━━━━━ Recorded information

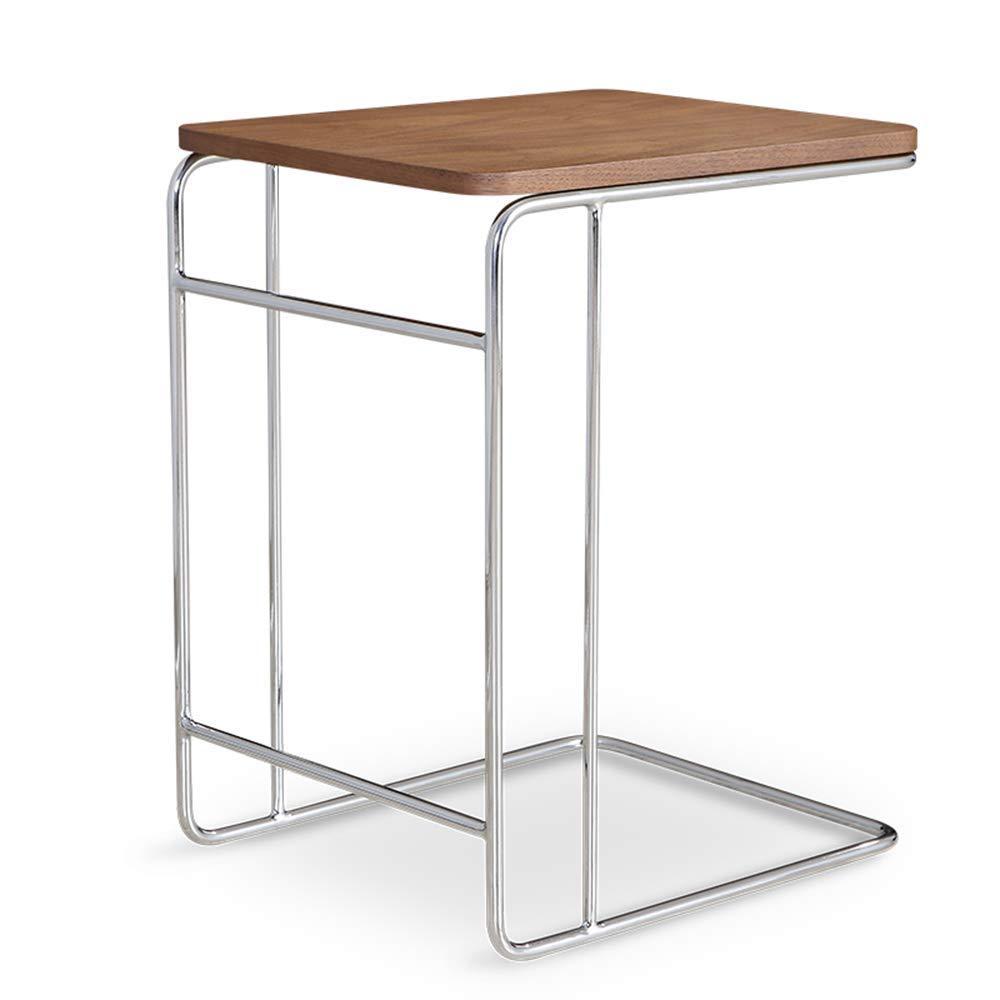 WDFYJ WDFYJ Side Table Solid Wood Desktop + Wrought Iron Table Frame Sofa Living Room Bedroom Snack Table 2 Colors(Black)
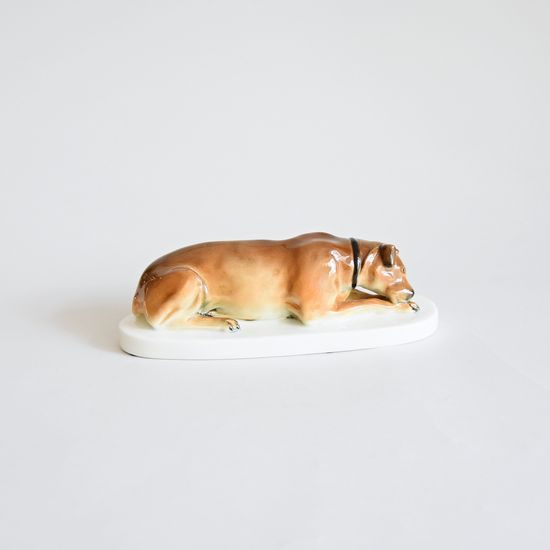 Laying Dog, 18 x 6 x 6 cm, Porcelain Figures Gläserne Porzellanmanufaktur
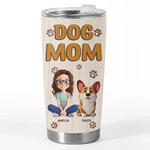 Custom Tumbler - Personalized Birthday Gifts For Dog Cat Lovers, Dog Dad And Mom, Cat Owners - Living My Best Dog Mom Life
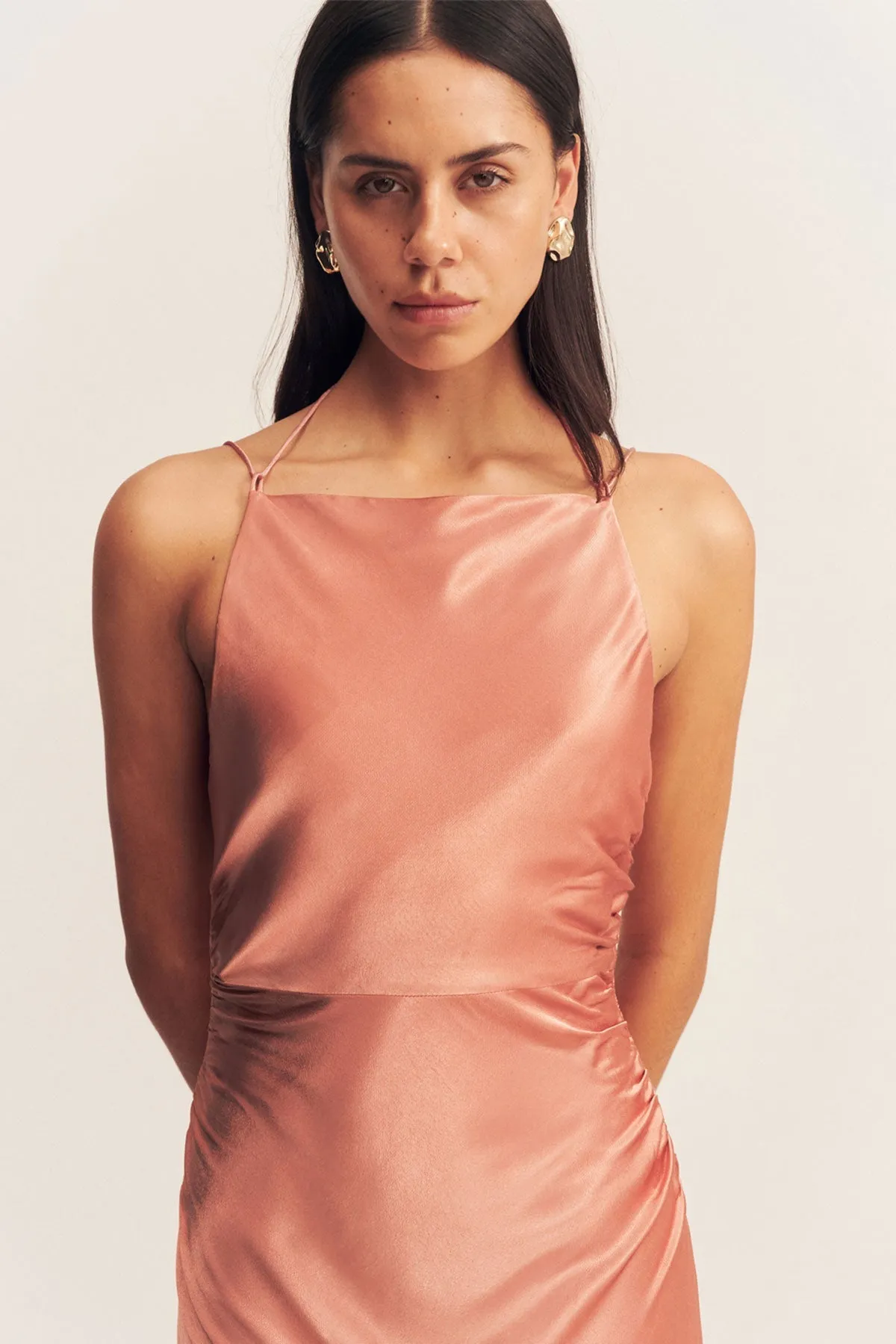 LA LUNE HIGH NECK RUCHED MAXI DRESS - ANTIQUE ROSE sold by Shona Joy product image thumbnail 2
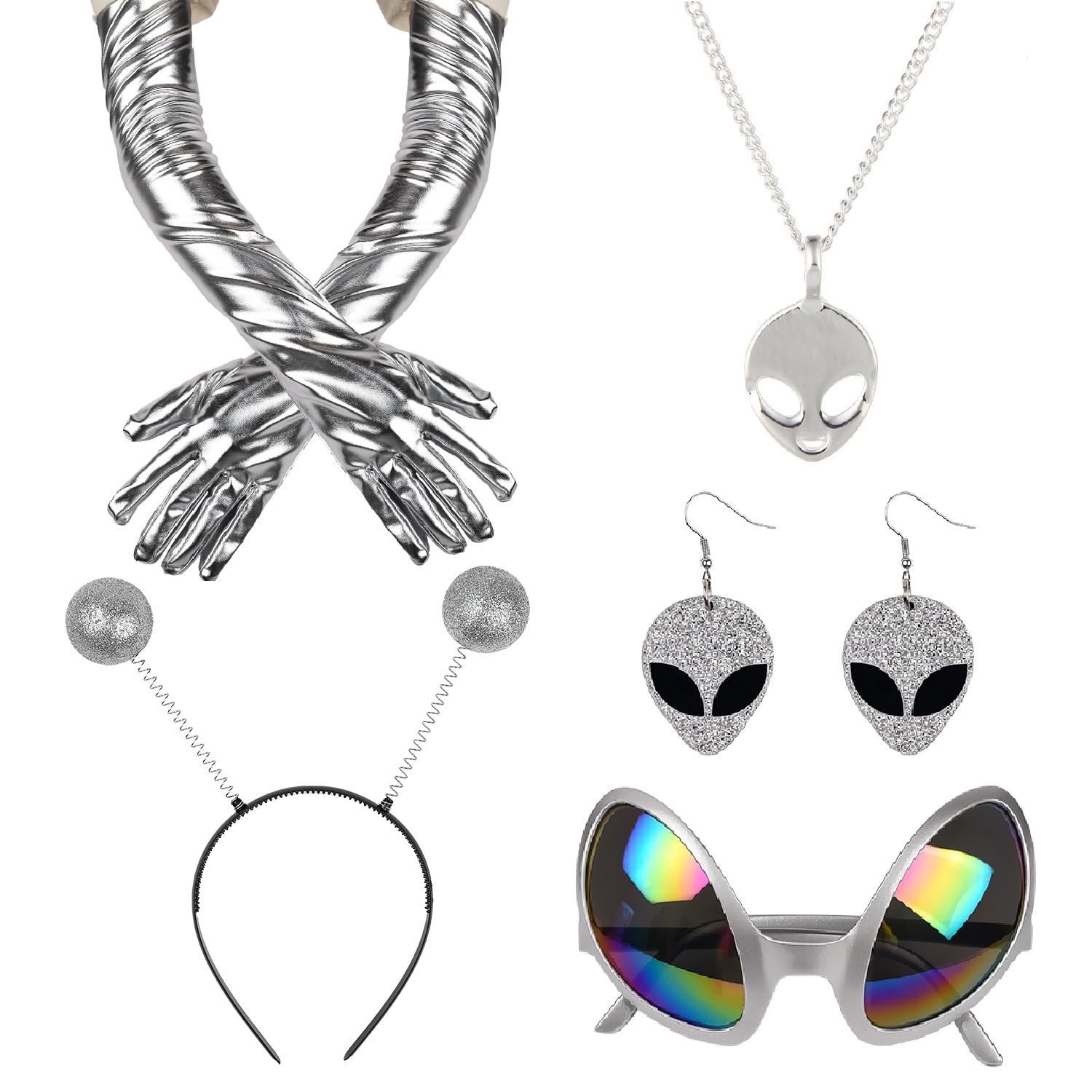 Lezevn 5 Pieces Alien Accessory Alien Ball Boppers Headband Silver Long Gloves Earrings Glasses Necklace Alien Cosplay Costume Accessories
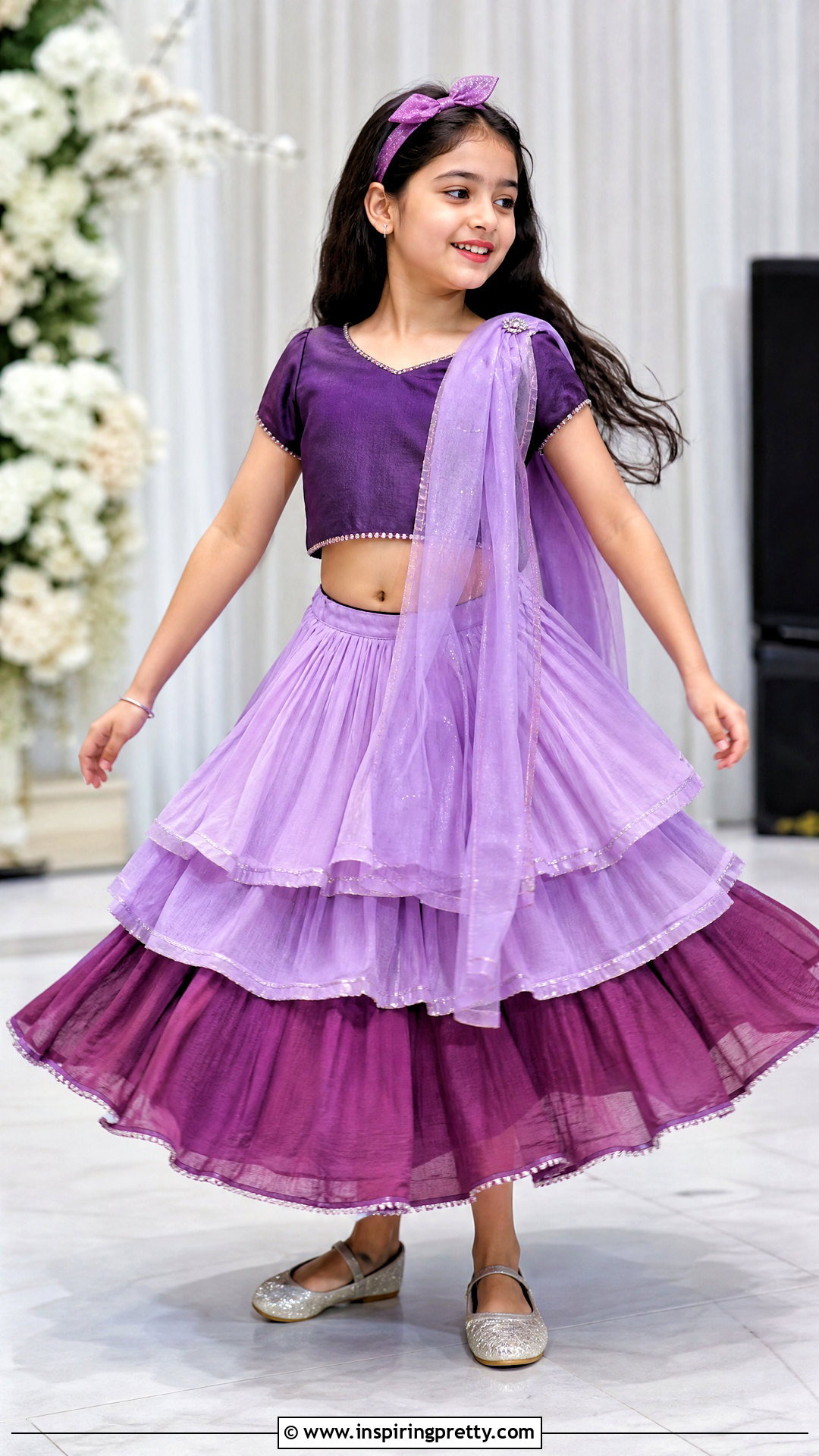 Purple Tiered Kids Crop Top Lehenga - 50 kids crop top lehenga designs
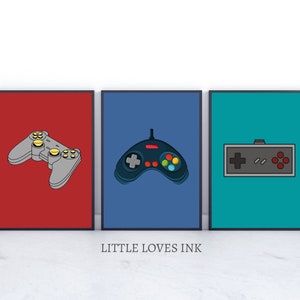 Video gaming prints set of 3, Retro gaming controller wall art, Gaming printable, Gaming wall art, Gaming controller print, Game room print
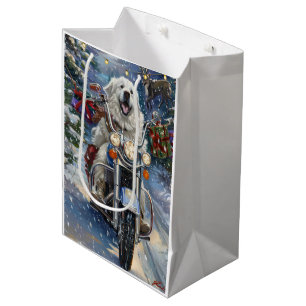 Great Pyrenees Dog Riding Motorcycle Christmas Medium Gift Bag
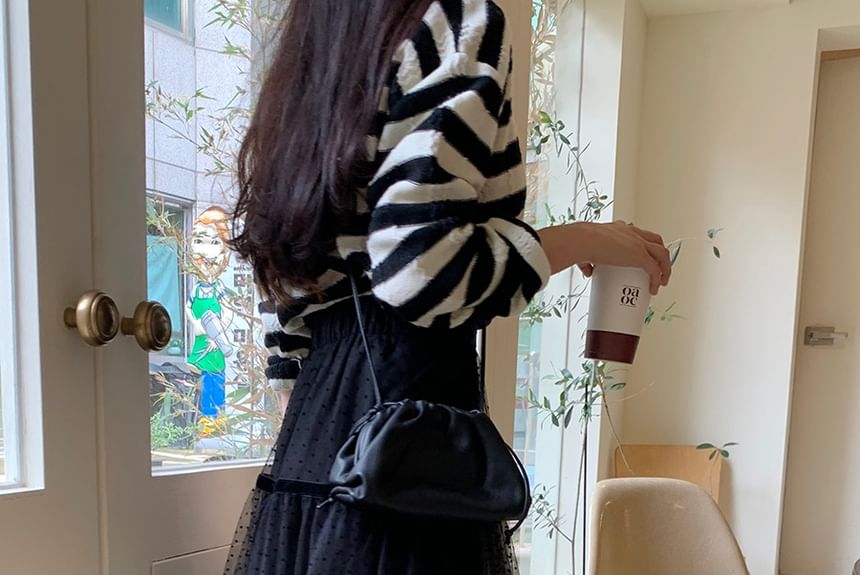 Coris - Maxi A-lijn rok met hoge taille en stippen van mesh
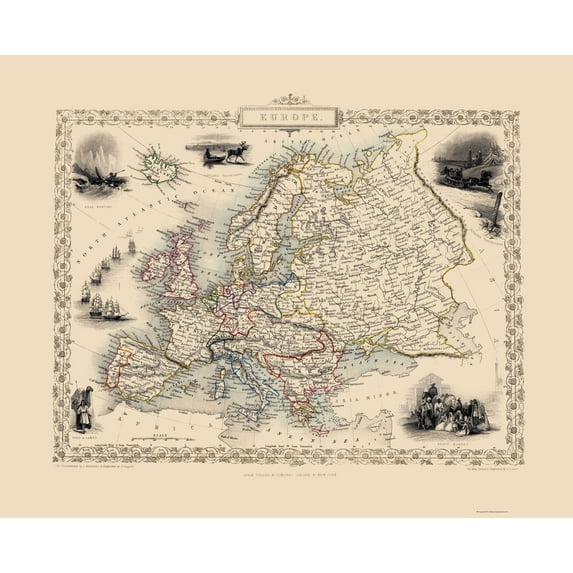 Historic Map - Europe - Tallis 1851 - Vintage Wall Art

━━━━━━━━━━

What is required: Repeat the material above in full and exactly, omitting the pictures.

Finished exercise:
 WDFYJ WDFYJ Side Table Solid Wood Desktop + Wrought Iron Table Frame Sofa Living Room Bedroom Snack Table 2 Colors(Black)
 Laying Dog, 18 x 6 x 6 cm, Porcelain Figures Gläserne Porzellanmanufaktur
 Custom Tumbler - Personalized Birthday Gifts For Dog Cat Lovers, Dog Dad And Mom, Cat Owners - Living My Best Dog Mom Life
 LA LUNE HIGH NECK RUCHED MAXI DRESS - ANTIQUE ROSE sold by Shona Joy product image thumbnail 2
 Lezevn 5 Pieces Alien Accessory Alien Ball Boppers Headband Silver Long Gloves Earrings Glasses Necklace Alien Cosplay Costume Accessories
 Purple Tiered Kids Crop Top Lehenga - 50 kids crop top lehenga designs
 Video gaming prints set of 3, Retro gaming controller wall art, Gaming printable, Gaming wall art, Gaming controller print, Game room print
 Great Pyrenees Dog Riding Motorcycle Christmas Medium Gift Bag
 Coris - Maxi A-lijn rok met hoge taille en stippen van mesh
 Historic Map - Europe - Tallis 1851 - Vintage Wall Art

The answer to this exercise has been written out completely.